Transfer duty is payable on property transactions in NSW. It is administered by Revenue NSW.
Transfer duty is payable when you buy:
- Investment property
- Vacant land or farming property
- Commercial or industrial property; or
- A business, including land
This is relevant in a family law property settlement, when one party seeks to retain the family home, investment property or family business.
Transfer duty is payable in these circumstances as the party retaining the property or business is buying the other party’s share.
For example, a Husband and Wife separate on a final basis. They reach agreement that the Husband will retain the jointly owned family home and the Wife will be paid an agreed sum.
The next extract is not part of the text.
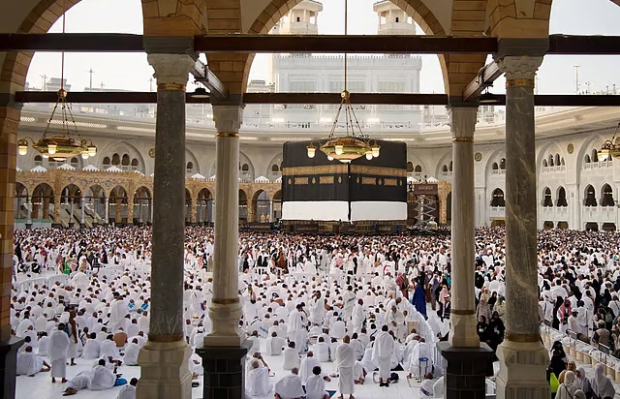 New digital service allows worshippers to monitor crowds at Mecca mosque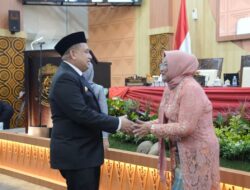 Munafri-Aliyah Hadiri Pengukuhan PAW Apiaty K Amin Syam di DPRD Kota Makassar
The Husband will be liable to pay Transfer duty to Revenue NSW as he is buying the Wife’s share in the family home.
Section 68 of the Duties Act 1987 (NSW) allows for there to be an exemption from any Transfer duty payable if the property is transferred or sold to:
- Either party to the marriage or de facto relationship
- A child to the marriage or de facto relationship
- A Trustee of a child to the marriage or de facto relationship
This exemption is available whether you have separated from a marriage or a de facto relationship.
You will need to satisfy Revenue NSW that the transfer or sale is as a result of the separation of a marriage or de facto relationship. The common ways of fulfilling this requirement are:
- Consent Orders made at the Family Court
- Financial Agreement pursuant with the Family Law Act 1975
In the usual circumstances the cost of the preparation of these documents will be less than the Transfer duty that would be payable.